My back is giving me increasing pain. Throughout the night, I was plagued with severe muscle spasms in my lower back. Needless to say, I didn't get much sleep. I think part of the problem has been some terribly hard mattresses which are unforgiving when it comes to my broken ribs and sore back. I am looking forward to better mattresses and the break we will get at Carlisle. Once we are at Corvettes At Carlisle event, we will have no driving all day in the car and I can walk around and stretch. I am actually looking forward to standing at my booth space and walking the show site at Carlisle, which is acres and acres of enormous fairgrounds!

(Following day's events not submitted for publication).......

August 26, 1998: Today, we are on the last leg of our journey to Carlisle, PA. Ben figures it will be about 2900 miles from our last West Coast stop. We are doing this trek East in only seven days. Our last three overnights were in Joplin, Missouri, Effingham, Illinois and Zanesville, Ohio. We had a late start yesterday as we met with Mid America Corvette Supplies in Effingham to discuss arrangements for our appearance at their Fun Fest , September 10-13th.

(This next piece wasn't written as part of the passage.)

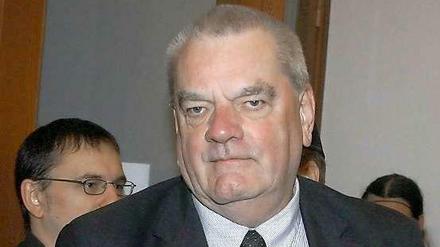 Dem britischen Journalisten und Holocaus-Leugner David Irving ist seit 1993 die Wiedereinreise nach Deutschland verwehrt. Das Einreiseverbot wurde nun aufgehoben.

Mid America's Fun Fest will celebrate their 25th year in business, and is an appreciation event dedicated to their customers. Over 3000 Corvettes are expected to attend. We met with owner, Mike, and his staff members, Janice, Tom and Mike's sister, Jeanie, who is a fellow cancer survivor. We are planning to do a special cancer awareness presentation the evening of September 10th. It will be open to the public and the Effingham community, and the early arrivals to the Fun Fest. Plans also include asking a local oncologist to assist me, and to be available to answer specific questions about cancer. I am looking forward to this evening as it will be more an educational format than what my usual speeches at Corvette events have been.

We got a rather late start from Effingham, due to this meeting. This proved to be fortuitous as we were driving into bad storms and tornados in Ohio. We arrived in Zanesville, Ohio at 7 pm. Earlier, around 4:30 pm., strong thunderstorms raged through and several tornados caused significant damage to towns not far from Zanesville. I have never been through a tornado, but in the Midwest, it is a part of life and folks are always prepared.

Weather is apt to be a major factor at Carlisle. A strong hurricane, Bonnie, is about to come on shore in North Carolina. We will have to see the path this takes. We went to Corvettes at Carlisle in 1990. Rain, before and on the last day of the event, turned the fairgrounds into a sea of mud. I hope that won't be the case this year.

I am looking forward to seeing Tom and Charlene, Dan and Karen, and our other Corvette friends at Carlisle. Many of the folks we have met at previous Corvette events this summer will also make the pilgrimage to Carlisle, the biggest Corvette event in the country.